What we are hoping for is a lawful economic environment that will set the stage for sustainable development. We will incorporate a sustainable development entity that will provide the necessary framework and initiate the needed mechanisms.
The third generation of economic reforms envisioned by us as indicated here, is based on multi faceted economic mechanisms and the increase in trade development. Many qualified people prefer well paying jobs that are given based on professional capabilities. It is not viable to maintain a low paying production based economy. Accordingly, we need to look to sectors like ICT and tourism to generate employment opportunities in the short term. Increasing and enhancing our trained labour capacity is beneficial for us. Through it, we can also empower those engaged in foreign employment sectors to fulfill qualified and professional job requirements overseas.
The first budget of our Government presented on the 20th will reflect the third generation economic reforms we have planned.

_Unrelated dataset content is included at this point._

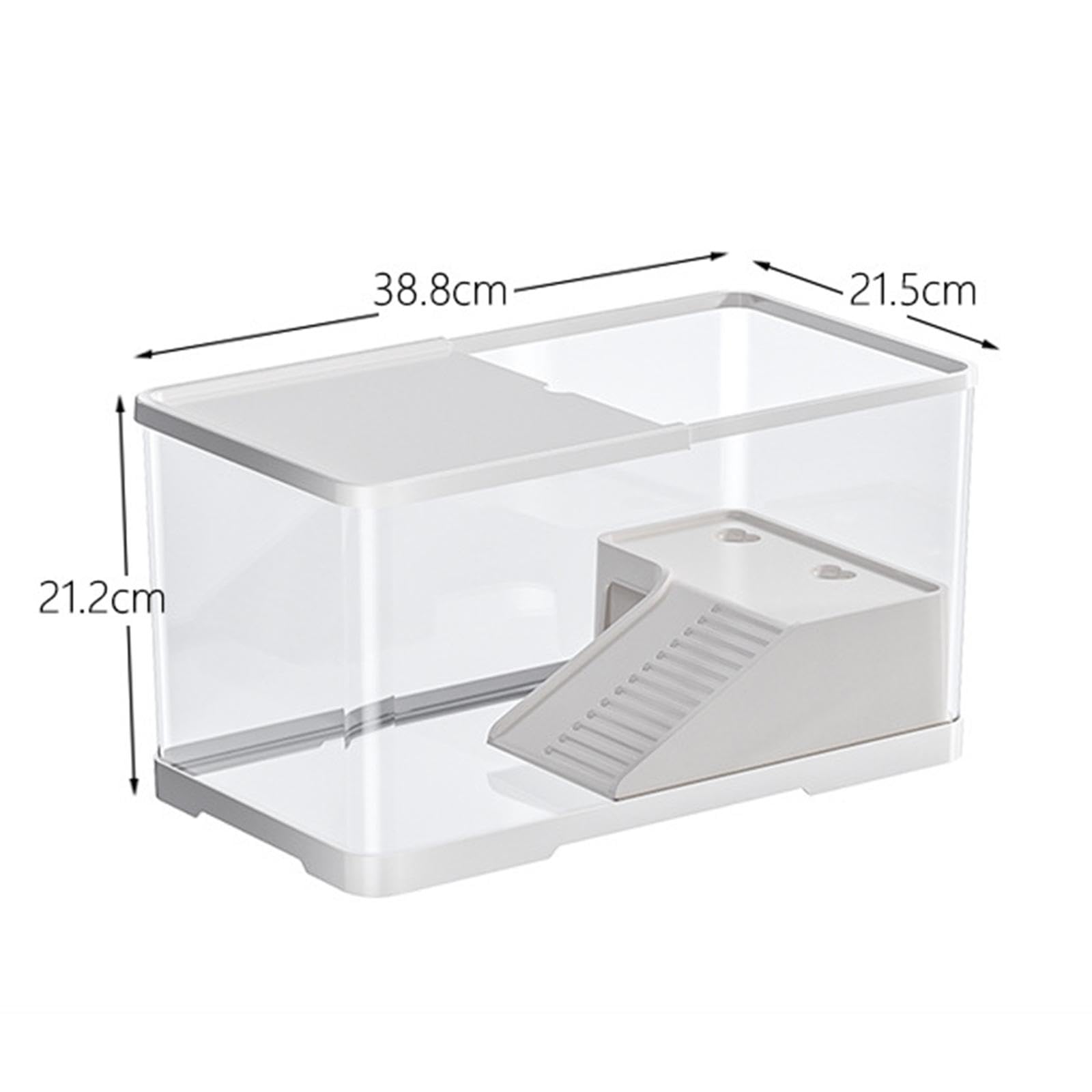 Acuario para Tortugas Acuario para Tortugas de Reptiles Caja de Cría de Tortugas Tanque con Área de Nado Alimentación Y Rampa Material Acrílic, m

I would like to point out that all signs that assure us we are on the right track are here. We have been invited to participate in the world famous World Economic Forum due to be held in Davos Switzerland in January 2016 with the participation of over 40 heads of state and 2500 economists. Before that, we will have an economic summit in Sri Lanka – the highlight of this will be participation of world famous author and investor George Soros.
Additionally, the world famous Euromoney magazine will sponsor an economic summit in Sri Lanka in January 2016.
All these activities will give Sri Lanka the opportunity to connect our economy with the world.
As I have shared at the beginning, we need to make sure the golden era of prosperity that Sri Lanka had during the period from Manawamma to Maha Parakramabahu dawns again. We must enter the right path for this to happen, with accountability, patience and commitment. Only then can we create a better country for our future generations and lift our country to the rightful place it deserves.
This is why we need to make use of this opportunity. It is a collective responsibility for us all. I invite all of you to join hands with us and bear responsibility in making this vision a reality.
I would like to thank His Excellency the President, Ministers and all other officials and staff who helped me draft this.